*Given information*.
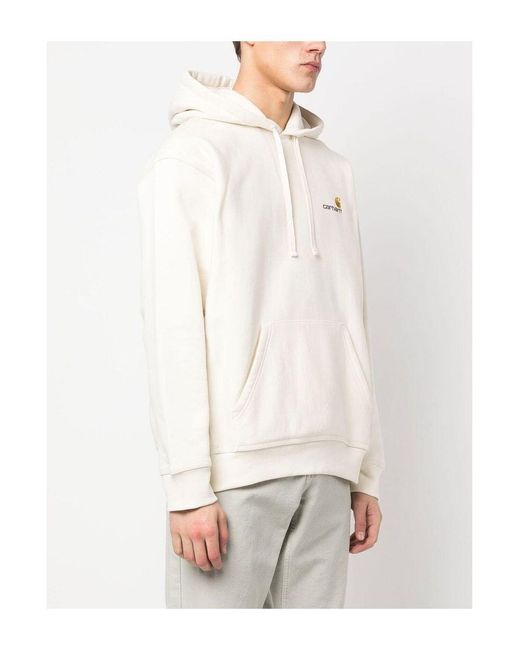 Carhartt White Logo Cotton Hoodie for men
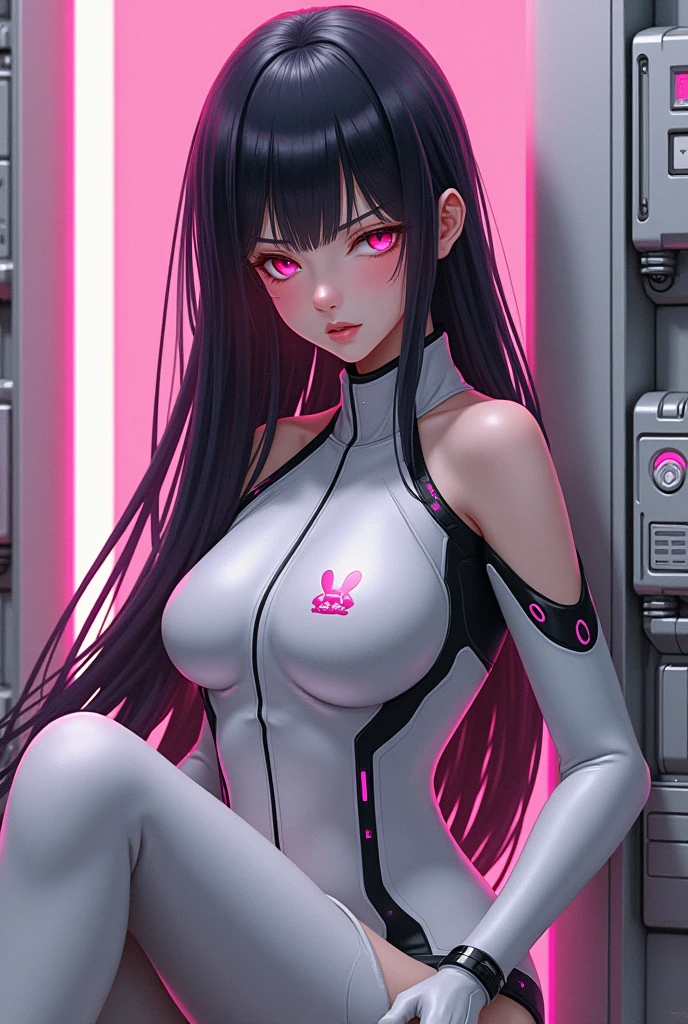 A young woman with long, dark hair and a fringe, wearing a fitted futuristic suit. The suit should be primarily in white, black, and pink tones, including a rabbit image on her chest. Her expression is serious, with pink facial marks on her cheeks, and her style should be a mix of cyberpunk and anime, with soft and defined lines, large and expressive eyes. The color palette should be limited exclusively to white, black, and pink. She is in a front-facing half-body position, leaning against mechanical-looking machinery, also in white and black with pink details. The image should be in vertical format, ensuring a visually balanced design with these three colors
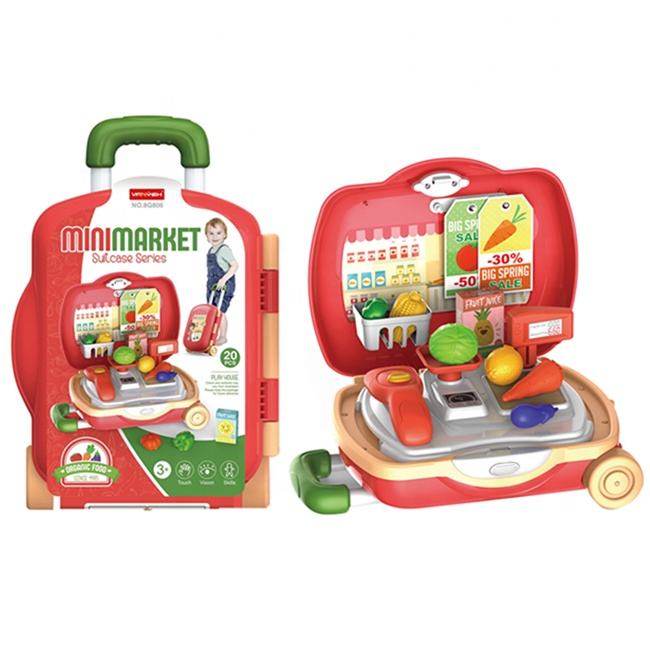 Игрушки для супермаркета и овощей, 20 игрушек для творчества, детский игровой домик, набор игрушек, Подарочная коробка, рюкзак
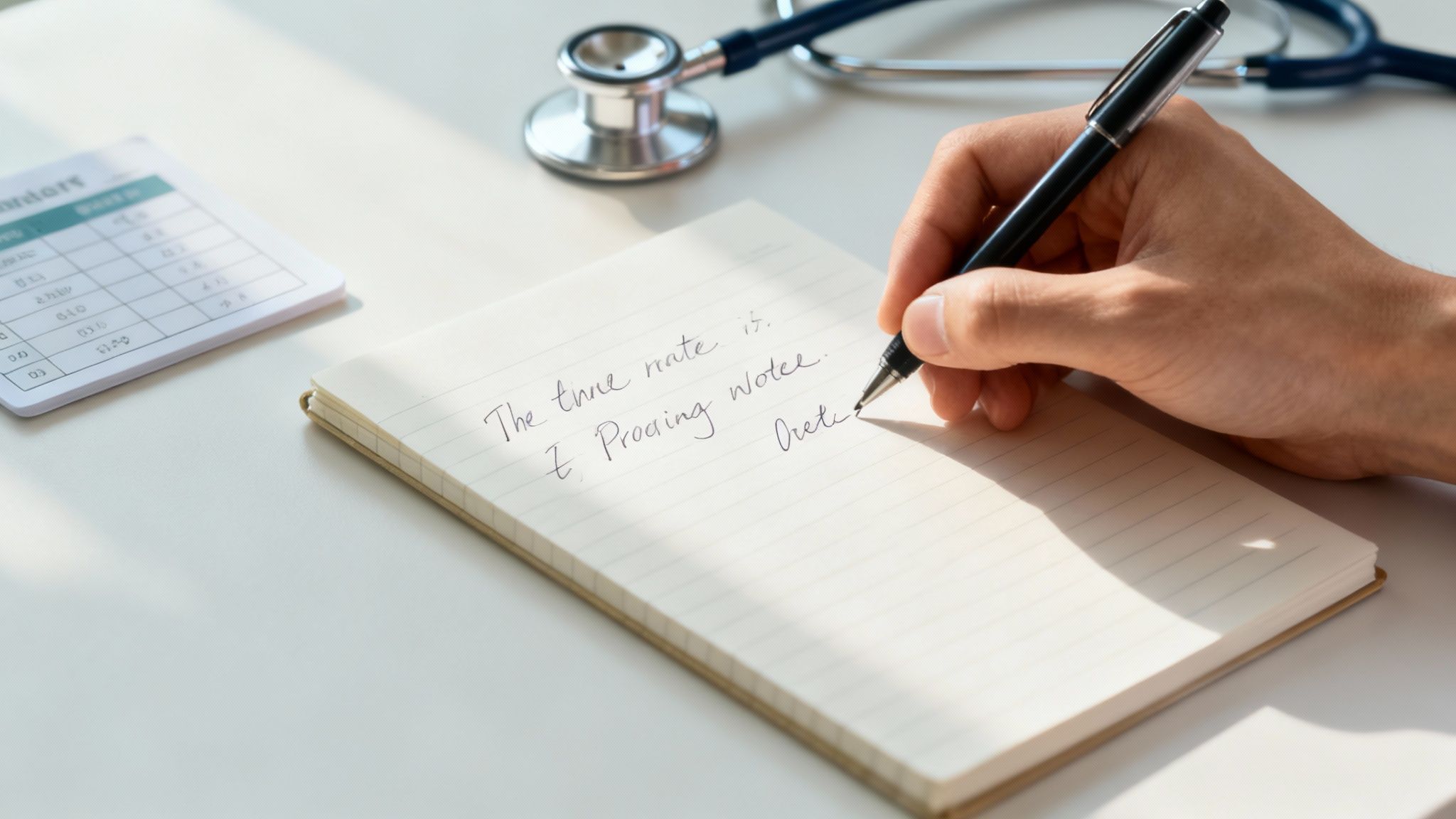 Healthcare professional writing progress notes in notebook with stethoscope and medical chart on desk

*What you need to do*. Restate the material above word for word, dropping the pictures.

*Answer space*.
 Carhartt White Logo Cotton Hoodie for men
 A young woman with long, dark hair and a fringe, wearing a fitted futuristic suit. The suit should be primarily in white, black, and pink tones, including a rabbit image on her chest. Her expression is serious, with pink facial marks on her cheeks, and her style should be a mix of cyberpunk and anime, with soft and defined lines, large and expressive eyes. The color palette should be limited exclusively to white, black, and pink. She is in a front-facing half-body position, leaning against mechanical-looking machinery, also in white and black with pink details. The image should be in vertical format, ensuring a visually balanced design with these three colors
 Игрушки для супермаркета и овощей, 20 игрушек для творчества, детский игровой домик, набор игрушек, Подарочная коробка, рюкзак
 Healthcare professional writing progress notes in notebook with stethoscope and medical chart on desk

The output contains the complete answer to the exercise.